The boy had been driving his minibike, with Arley Naranjo driving behind him on another minibike, sometime after midnight when he was struck by the cable and died at the scene. His brother was injured but survived.
Angel’s father and the attorney were at the scene Friday just hours before the scheduled start of the boy’s funeral at Palm Downtown Mortuary and Cemetery, 1325 N. Main St. in downtown Las Vegas.
Roughly 100 people gathered at the mortuary near Main Street and Owens Avenue to pay their respects to the Naranjo family.
Mourners began filling up the chapel around 4 p.m. and continued in a steady stream for the next two hours. Several flower arrangements surrounded Angel’s open casket as a slideshow of his photos played on screens.
Some sat in the pews while others walked in groups up to Angel’s casket where many stood for several minutes at a time.
Just after 5 p.m. on Friday, Rudolfo Naranjo was consoled by family and friends as he walked from the back of the room up to where his son lay. Some mourners wore white shirts with a picture of Angel on the front, while a handful wore the branded shirts and jackets of Equipo Academy — Angel’s high school.

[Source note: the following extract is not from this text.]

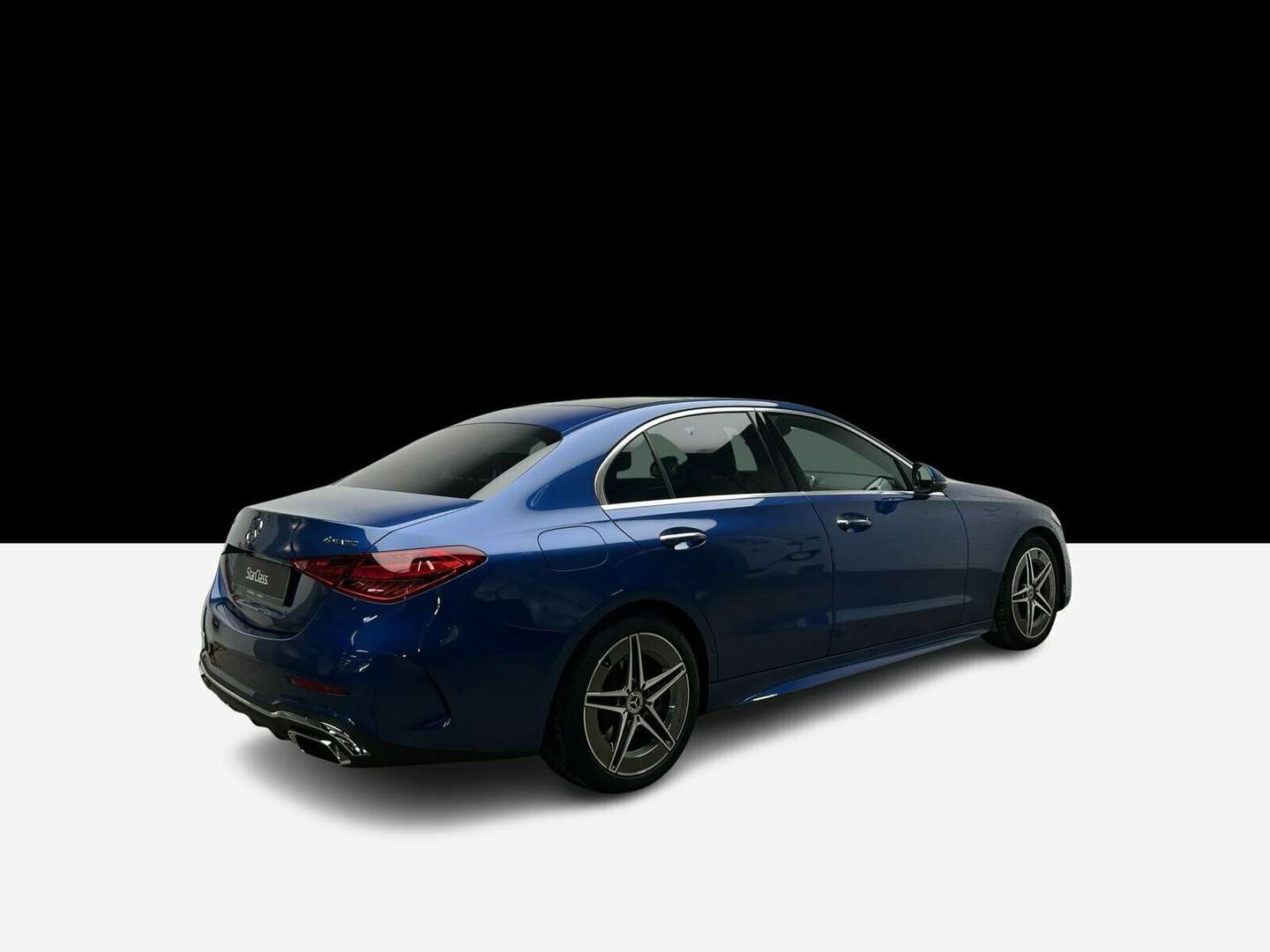 Mercedes Classe C 220 - 2025 - Joinsteer - #2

At the mortuary, Rudolfo played video on his phone from the wash earlier in the day, saying that if officials didn’t clean up the area, another person could be seriously injured.
A Clark County spokesperson this week declined to comment about whether the county had plans to clean up the trail.
An investigation by the Metropolitan Police Department found that the boy’s minibike drove onto the cable, which was lying slack on the ground, but on impact rose up and hit him, knocking him onto the ground in what the department considers an accident.
Police are still looking into the incident, but there was no update on its progress Friday, Metro officials said.
The Clark County coroner’s office has not yet released the results of an autopsy on the teen nor the cause of his death.
But the boy’s family insists that the crash was the result of someone deliberately setting up the cable over the trail to potentially hurt someone riding on it.
“It’s not an accident,” Arley Naranjo has said.
The site is between East Lake Mead Boulevard and Owens Avenue east of Pecos Road on the trail, which runs through North Las Vegas, Las Vegas and Clark County land. Under government regulations, the trail is reserved for things like bicycles and skateboards, and motorized vehicles are prohibited.
A similar incident happened in east Las Vegas back in 1977, when a man and his 10-year-old nephew were riding dirt bikes on a trail near Ringe and Kell lanes when they both struck a thin, taut wire stretched across two telephone poles, according to a front-page article in the Review-Journal.
The man was hit in the shoulders and the boy in the neck, but neither one was seriously hurt. Las Vegas police at the time said it appeared someone had intentionally placed the wire over the desert trail popular with dirt bikers and horse riders, according to the article.